All lines in the records below that hold "Series" are to be shown.

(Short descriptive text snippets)
--
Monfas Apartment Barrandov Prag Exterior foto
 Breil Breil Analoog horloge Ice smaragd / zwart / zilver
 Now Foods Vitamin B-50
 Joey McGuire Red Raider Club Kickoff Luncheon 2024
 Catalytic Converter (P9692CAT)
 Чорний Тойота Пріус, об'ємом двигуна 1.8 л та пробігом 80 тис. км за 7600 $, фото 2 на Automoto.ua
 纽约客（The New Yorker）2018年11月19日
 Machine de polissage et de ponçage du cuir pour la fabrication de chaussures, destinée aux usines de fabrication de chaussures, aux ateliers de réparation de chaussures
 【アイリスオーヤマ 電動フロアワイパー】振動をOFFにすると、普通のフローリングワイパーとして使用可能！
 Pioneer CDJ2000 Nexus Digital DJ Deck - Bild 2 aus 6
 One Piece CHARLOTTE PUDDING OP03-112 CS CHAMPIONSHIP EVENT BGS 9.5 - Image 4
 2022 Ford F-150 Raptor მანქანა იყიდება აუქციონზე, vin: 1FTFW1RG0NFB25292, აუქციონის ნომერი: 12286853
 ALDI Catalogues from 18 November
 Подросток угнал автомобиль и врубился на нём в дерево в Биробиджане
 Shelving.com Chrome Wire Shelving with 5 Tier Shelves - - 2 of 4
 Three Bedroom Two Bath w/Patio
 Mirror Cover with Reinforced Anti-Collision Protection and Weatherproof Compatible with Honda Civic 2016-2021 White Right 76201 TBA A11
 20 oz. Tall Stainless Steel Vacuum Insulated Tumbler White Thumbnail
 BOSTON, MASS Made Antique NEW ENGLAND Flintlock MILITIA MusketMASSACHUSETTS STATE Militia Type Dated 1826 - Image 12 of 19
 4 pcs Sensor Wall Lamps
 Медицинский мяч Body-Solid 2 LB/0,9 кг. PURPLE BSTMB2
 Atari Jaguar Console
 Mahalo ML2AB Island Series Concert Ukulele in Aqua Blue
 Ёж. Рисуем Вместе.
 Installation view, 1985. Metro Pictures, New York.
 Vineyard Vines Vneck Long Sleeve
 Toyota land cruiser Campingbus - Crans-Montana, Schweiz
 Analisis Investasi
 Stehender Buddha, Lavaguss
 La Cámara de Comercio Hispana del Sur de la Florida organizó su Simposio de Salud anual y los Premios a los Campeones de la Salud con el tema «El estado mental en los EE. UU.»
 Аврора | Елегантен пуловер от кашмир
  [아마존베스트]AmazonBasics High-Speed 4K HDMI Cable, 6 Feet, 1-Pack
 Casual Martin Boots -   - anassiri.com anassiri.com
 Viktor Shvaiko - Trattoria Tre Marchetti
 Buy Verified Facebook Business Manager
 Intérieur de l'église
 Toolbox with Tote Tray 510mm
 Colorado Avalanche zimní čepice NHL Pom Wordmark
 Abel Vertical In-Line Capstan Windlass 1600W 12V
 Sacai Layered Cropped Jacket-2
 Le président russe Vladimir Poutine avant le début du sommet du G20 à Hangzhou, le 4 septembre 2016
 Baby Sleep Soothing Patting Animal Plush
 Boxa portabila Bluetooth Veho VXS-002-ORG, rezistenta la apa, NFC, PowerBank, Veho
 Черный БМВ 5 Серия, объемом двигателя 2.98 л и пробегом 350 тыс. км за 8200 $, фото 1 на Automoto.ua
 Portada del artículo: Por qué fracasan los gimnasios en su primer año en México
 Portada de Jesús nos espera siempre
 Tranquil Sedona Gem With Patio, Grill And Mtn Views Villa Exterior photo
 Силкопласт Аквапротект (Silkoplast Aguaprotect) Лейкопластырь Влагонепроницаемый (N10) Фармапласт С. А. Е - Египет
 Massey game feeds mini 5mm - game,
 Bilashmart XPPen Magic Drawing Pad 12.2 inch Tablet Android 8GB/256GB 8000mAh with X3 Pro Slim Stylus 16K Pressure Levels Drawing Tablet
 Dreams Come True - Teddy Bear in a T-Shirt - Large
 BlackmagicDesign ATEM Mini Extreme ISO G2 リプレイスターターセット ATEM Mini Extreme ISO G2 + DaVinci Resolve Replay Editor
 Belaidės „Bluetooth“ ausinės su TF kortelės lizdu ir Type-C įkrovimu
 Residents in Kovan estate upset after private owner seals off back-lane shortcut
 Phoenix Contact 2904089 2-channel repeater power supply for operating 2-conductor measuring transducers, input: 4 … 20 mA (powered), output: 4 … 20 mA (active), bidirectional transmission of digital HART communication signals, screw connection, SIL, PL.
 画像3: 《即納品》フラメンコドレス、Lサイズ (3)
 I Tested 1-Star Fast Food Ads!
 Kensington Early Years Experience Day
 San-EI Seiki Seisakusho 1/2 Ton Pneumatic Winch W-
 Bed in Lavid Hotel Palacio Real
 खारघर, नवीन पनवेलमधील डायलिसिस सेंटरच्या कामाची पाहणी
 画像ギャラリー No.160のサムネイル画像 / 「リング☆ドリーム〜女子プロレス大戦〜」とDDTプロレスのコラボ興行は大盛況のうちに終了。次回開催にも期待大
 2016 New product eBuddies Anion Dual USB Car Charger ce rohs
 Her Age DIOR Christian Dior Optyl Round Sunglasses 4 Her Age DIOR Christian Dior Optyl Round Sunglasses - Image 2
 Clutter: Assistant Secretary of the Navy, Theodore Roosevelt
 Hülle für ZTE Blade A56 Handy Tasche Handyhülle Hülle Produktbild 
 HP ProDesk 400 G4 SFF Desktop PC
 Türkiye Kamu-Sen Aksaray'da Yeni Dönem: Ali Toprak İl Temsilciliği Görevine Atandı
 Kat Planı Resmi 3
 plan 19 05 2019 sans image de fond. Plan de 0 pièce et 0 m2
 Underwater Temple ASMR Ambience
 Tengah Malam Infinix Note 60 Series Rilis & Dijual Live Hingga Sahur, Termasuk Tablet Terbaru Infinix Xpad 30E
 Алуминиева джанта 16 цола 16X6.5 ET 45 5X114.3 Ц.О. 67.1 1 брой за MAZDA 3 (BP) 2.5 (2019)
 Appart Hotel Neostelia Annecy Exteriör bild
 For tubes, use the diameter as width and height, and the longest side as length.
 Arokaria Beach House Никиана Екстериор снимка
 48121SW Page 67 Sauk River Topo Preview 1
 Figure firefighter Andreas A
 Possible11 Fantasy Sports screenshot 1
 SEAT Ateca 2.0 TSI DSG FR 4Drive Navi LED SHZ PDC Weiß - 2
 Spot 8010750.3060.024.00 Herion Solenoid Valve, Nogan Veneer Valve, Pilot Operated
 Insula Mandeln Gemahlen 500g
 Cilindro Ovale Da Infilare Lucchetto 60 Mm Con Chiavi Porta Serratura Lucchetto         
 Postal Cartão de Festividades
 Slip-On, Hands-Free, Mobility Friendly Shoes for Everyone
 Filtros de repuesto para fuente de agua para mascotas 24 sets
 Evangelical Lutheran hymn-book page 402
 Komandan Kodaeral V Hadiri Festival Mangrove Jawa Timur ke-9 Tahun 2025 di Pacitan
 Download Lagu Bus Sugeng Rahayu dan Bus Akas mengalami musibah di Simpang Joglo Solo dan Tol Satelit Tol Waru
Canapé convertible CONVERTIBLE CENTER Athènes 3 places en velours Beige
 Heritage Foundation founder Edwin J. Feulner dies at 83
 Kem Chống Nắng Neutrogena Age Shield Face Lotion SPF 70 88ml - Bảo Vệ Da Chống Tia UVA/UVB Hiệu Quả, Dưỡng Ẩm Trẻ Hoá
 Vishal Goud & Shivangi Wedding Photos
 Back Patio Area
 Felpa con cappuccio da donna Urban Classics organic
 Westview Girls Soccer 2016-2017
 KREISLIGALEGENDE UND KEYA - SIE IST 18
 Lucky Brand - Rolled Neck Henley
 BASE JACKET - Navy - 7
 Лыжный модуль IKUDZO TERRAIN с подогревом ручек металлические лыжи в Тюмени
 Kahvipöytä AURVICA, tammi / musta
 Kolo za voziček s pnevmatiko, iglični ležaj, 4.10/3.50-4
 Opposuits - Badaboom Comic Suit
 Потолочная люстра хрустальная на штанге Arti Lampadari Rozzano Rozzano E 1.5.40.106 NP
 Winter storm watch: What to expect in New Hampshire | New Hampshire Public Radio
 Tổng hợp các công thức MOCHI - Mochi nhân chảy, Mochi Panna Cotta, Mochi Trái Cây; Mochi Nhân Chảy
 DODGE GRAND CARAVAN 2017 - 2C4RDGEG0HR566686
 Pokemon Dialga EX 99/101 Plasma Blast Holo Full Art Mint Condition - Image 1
--
RESULT OF THIS TASK:
 Mahalo ML2AB Island Series Concert Ukulele in Aqua Blue
 Tengah Malam Infinix Note 60 Series Rilis & Dijual Live Hingga Sahur, Termasuk Tablet Terbaru Infinix Xpad 30E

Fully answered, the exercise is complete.